[Data segment Boundary: Start]
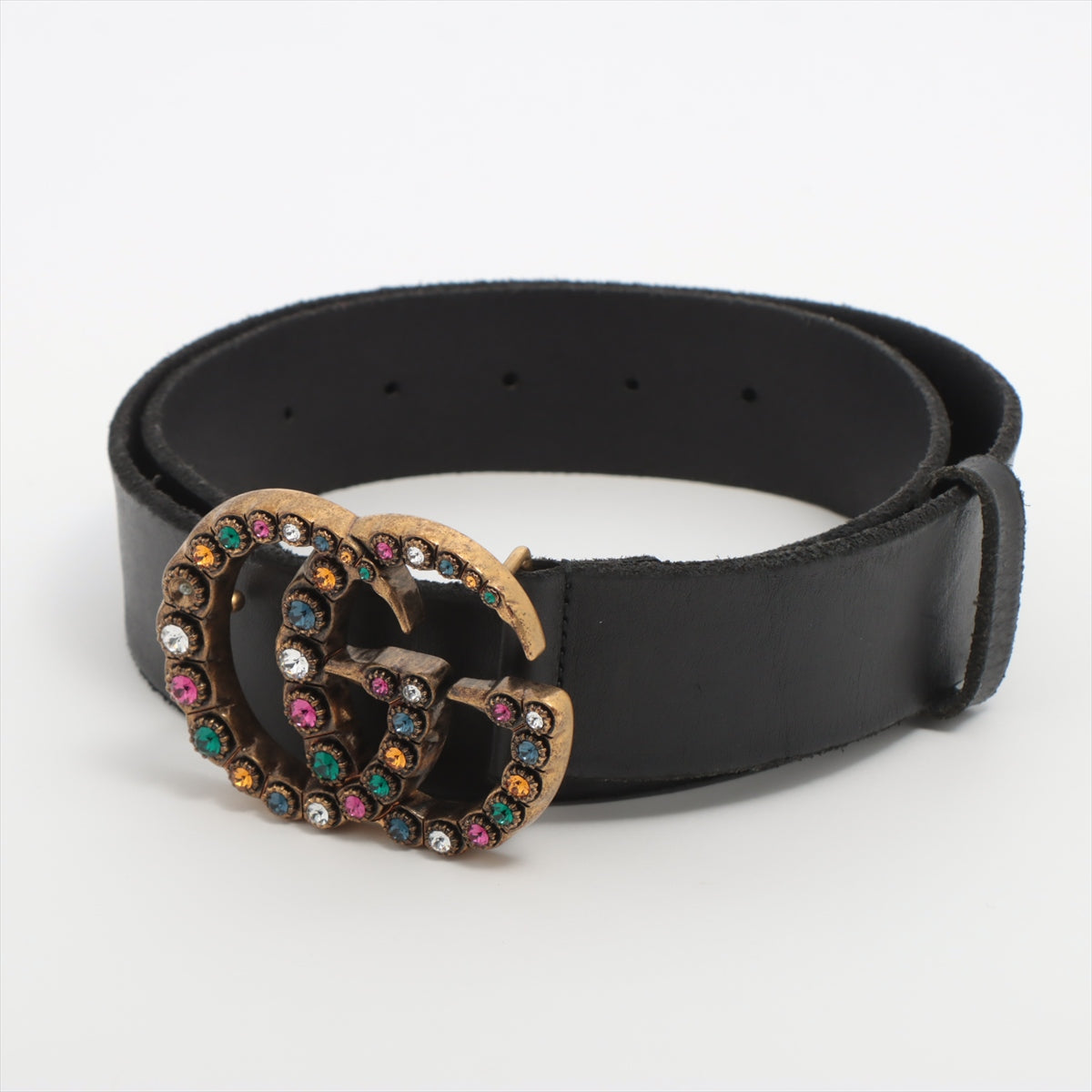 Gucci Double G Multicolor Rhinestone Belt Black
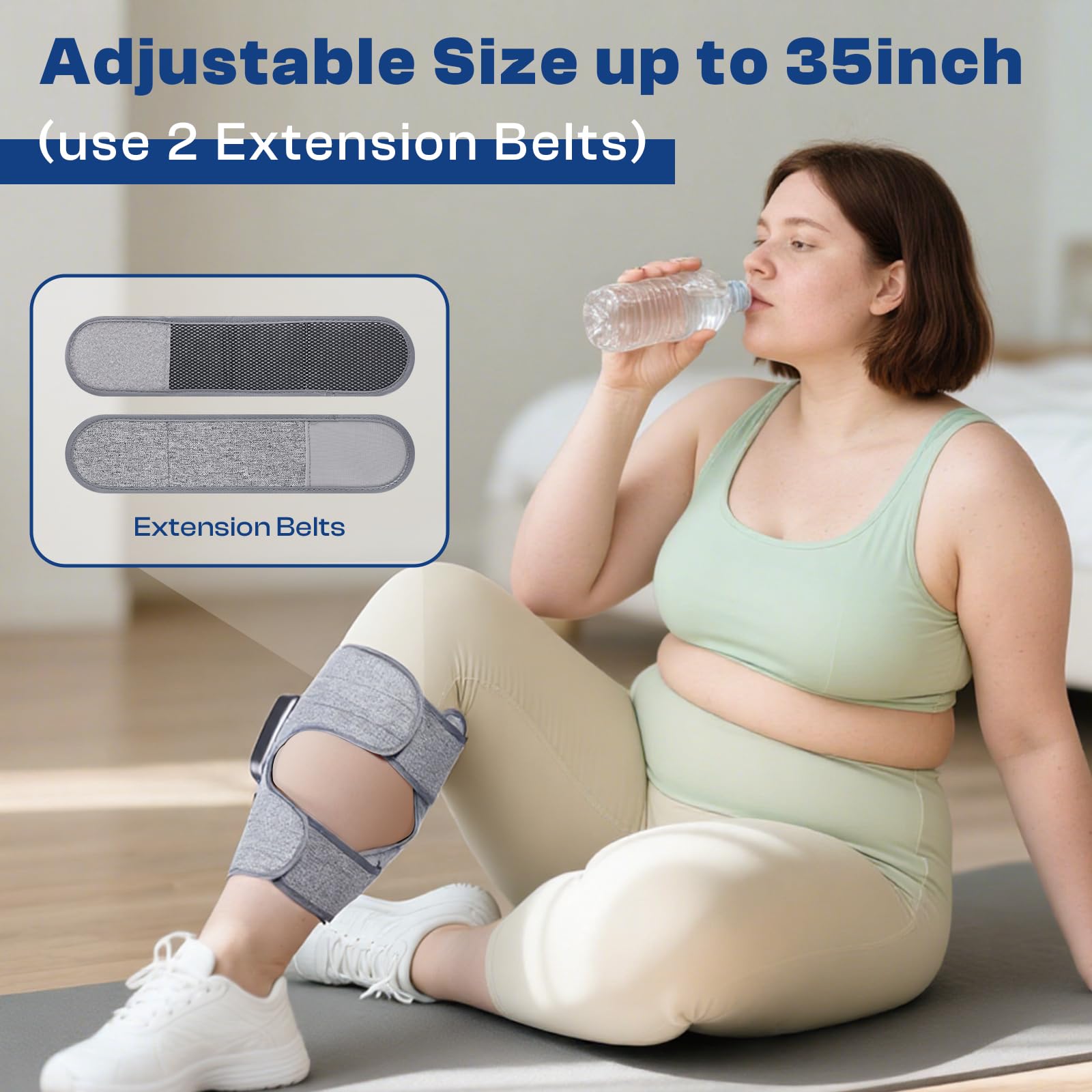 ZHOUMADE Cordless Leg Massager with Heat and Compression, Rechargeable Leg Compression Massager for Circulation, Muscle Relaxati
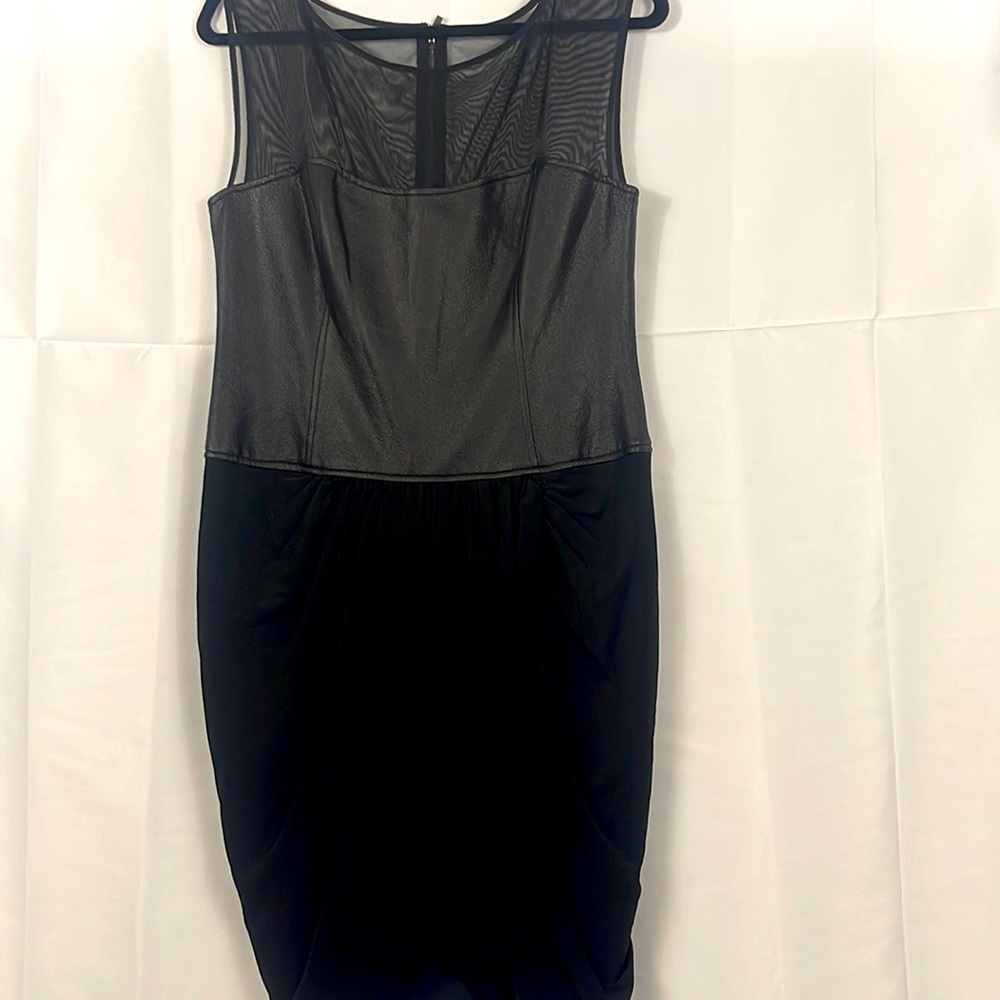 BCBGMAXAZRIA Dress w/leather-like corset detail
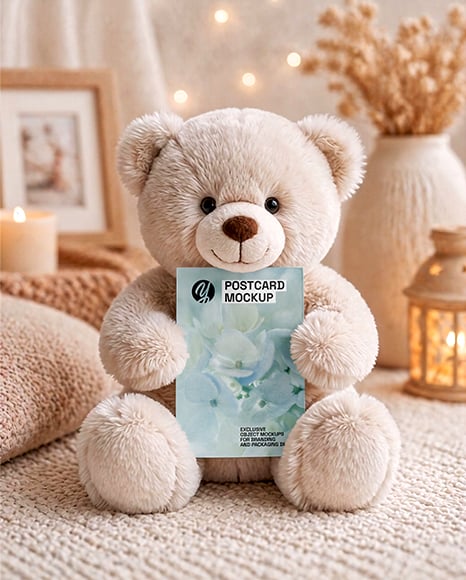 Teddy Bear with Vertical Card Mockup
[Data segment Boundary: End]
**What the exercise asks**: Drop the images, then copy the data exactly.

**Exercise solution**:
 Gucci Double G Multicolor Rhinestone Belt Black
 ZHOUMADE Cordless Leg Massager with Heat and Compression, Rechargeable Leg Compression Massager for Circulation, Muscle Relaxati
 BCBGMAXAZRIA Dress w/leather-like corset detail
 Teddy Bear with Vertical Card Mockup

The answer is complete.